In a deck of 52 cards, 13 cards are spades and 4 cards are aces.
Given, $E$ : the card drawn is a spade
$\Rightarrow n(E)=13$
and $F$ : the card drawn is an ace
$n(F)=4 \text { and } n(S)=52$
Here, $P(E)=P$ (card drawn is spade $)$
$=\frac{n(E)}{n(S)}=\frac{13}{52}=\frac{1}{4}$
$P(F)=P($ card drawn is an ace $)=\frac{n(F)}{n(S)}=\frac{4}{52}=\frac{1}{13}$
Also, $E \cap F$ : the deck of cards, only 1 card is an ace of spades.
$\Rightarrow P(E \cap F)=\frac{n(E \cap F)}{n(S)}=\frac{1}{52}$
Now, $P(E) \times P(F)=\frac{1}{4} \times \frac{1}{13}=\frac{1}{52}=P(E \cap F)$
Therefore, the events $E$ and $F$ are independent.
(ii) In a deck of 52 cards, 26 cards are black and 4 cardsare kings.
Given, $E$ : the card drawn is black
$\Rightarrow n(E)=26$
$F$ : the card drawn is king
$\Rightarrow n(F)=4 $
$\text { Also, }n(S)=52$
$P(E)=P$ (card drawn is black)
$=\frac{n(E)}{n(S)}=\frac{26}{52}=\frac{1}{2}$
and $P(F)=P($ card drawn is a king $)$
$=\frac{n(F)}{n(S)}=\frac{4}{52}=\frac{1}{13}$
Also, $E \cap F$ : card drawn is a black king
$ \Rightarrow P(E \cap F)=\frac{n(E \cap F)}{n(S)}=\frac{2}{52}=\frac{1}{26} $
$ \text { Now, } P(E) \times P(F)=\frac{1}{2} \times \frac{1}{13}=\frac{1}{26}=P(E \cap F) $
$ \Rightarrow P(E \cap F)=P(E) P(F)$
Therefore, the events $E$ and $F$ are independent.

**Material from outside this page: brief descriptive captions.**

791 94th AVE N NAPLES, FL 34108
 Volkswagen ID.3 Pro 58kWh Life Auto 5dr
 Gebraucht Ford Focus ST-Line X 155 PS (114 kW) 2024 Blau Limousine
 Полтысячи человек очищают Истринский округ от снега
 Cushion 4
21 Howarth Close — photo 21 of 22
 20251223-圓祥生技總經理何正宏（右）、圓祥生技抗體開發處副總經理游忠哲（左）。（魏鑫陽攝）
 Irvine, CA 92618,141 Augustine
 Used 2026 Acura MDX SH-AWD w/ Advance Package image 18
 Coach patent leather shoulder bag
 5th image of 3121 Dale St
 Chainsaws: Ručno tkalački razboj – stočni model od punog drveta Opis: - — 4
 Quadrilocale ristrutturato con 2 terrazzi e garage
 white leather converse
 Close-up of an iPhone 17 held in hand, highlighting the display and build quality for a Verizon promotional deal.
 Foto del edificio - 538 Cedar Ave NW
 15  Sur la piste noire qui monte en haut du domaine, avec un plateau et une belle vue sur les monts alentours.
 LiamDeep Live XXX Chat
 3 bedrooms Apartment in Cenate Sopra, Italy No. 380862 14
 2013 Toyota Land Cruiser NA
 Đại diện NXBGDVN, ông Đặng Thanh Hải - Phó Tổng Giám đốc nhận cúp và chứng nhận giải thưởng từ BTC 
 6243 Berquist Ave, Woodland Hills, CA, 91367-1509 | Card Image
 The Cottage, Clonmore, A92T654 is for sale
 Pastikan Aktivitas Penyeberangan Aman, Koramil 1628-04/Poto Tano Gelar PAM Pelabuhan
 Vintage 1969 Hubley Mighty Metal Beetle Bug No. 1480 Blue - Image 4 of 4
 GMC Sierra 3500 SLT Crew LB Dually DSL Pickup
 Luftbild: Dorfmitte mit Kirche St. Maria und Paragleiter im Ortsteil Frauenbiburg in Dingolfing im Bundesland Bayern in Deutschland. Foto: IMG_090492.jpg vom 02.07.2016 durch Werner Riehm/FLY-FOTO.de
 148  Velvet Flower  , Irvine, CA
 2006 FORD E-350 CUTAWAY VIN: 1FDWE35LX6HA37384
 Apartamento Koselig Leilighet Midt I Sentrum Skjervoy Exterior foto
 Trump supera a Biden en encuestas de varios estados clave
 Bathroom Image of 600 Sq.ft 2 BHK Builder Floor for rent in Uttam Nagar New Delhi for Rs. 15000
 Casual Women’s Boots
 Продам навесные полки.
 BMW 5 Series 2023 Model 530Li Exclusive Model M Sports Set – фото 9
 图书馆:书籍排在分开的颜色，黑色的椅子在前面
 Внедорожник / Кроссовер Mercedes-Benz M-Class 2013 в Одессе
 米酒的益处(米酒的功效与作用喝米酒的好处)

(iii) In a deck of 52 cards, 4 cards are kings, 4 cards are queens and 4 cards are jacks.
$P(E)=P$ (card drawn is a king or a queen)
$=P($ King $)+P($ Queen $)=\frac{4}{52}+\frac{4}{52}=\frac{8}{52}=\frac{2}{13}$
and $P(F)=P$ (cards drawn is a queen or a jack)
$=P($ Queen $)+P($ Jack $)=\frac{4}{52}+\frac{4}{52}=\frac{8}{52}=\frac{2}{13}$
Also, $E \cap F$ : card drawn is a queen
$\Rightarrow P(E \cap F)=\frac{4}{52}=\frac{1}{13}$
Now, $ P(E) \times P(F)=\frac{2}{13} \times \frac{2}{13}$
$=\frac{4}{169} \neq P(E \cap F)$
$\Rightarrow P(F \cap F) \neq P(F) P(F)$
Therefore, the events $E$ and $F$ are not independent.